Chiesa squeezed as hierarchy shifts
All of this has clear consequences for Federico Chiesa.
The Italy winger walked into this summer with his future already in question after being marginalised under former head coach Arne Slot, who started him just once in the Premier League last season. Iraola wants to hand everyone a clean slate and there is a belief inside the club that Chiesa’s intensity and directness could mesh better with the Spaniard’s style.
But football is unforgiving.
Munoz has arrived. Another winger is likely to follow, with Diomande the priority. The more Liverpool load up in those wide attacking roles, the harder it becomes to map out a meaningful increase in minutes for Chiesa.
At 28, with two years left on his deal and interest from Italy, he wants what most players at his stage crave: guaranteed prominence, not a supporting role in a crowded cast. Right now, that looks difficult to promise at Anfield.
Liverpool, meanwhile, are moving without hesitation.
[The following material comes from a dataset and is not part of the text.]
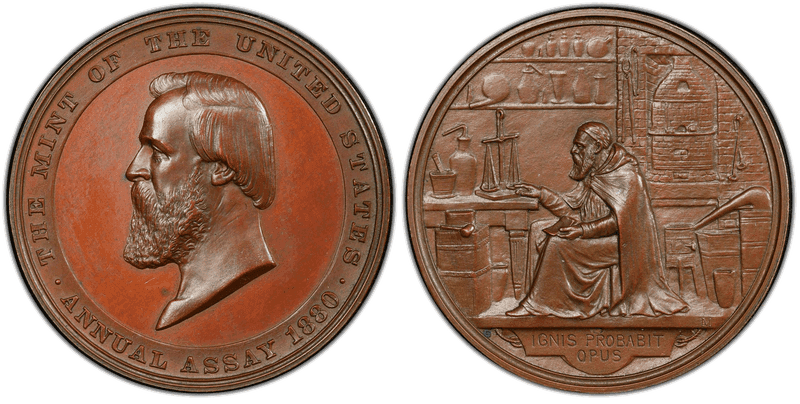 1880 Assay Commission Medal - JK-AC-22, Bronze, Rutherford B. Hayes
They have bloodied Newcastle’s nose again, locked on to one of Europe’s most coveted teenagers and reshaped their forward line in anticipation of life after Salah.
The only real question now is whether they are prepared to go even higher to drag Diomande out of Leipzig – and how far this new, aggressive Liverpool are willing to push to stay at the front of the European pack.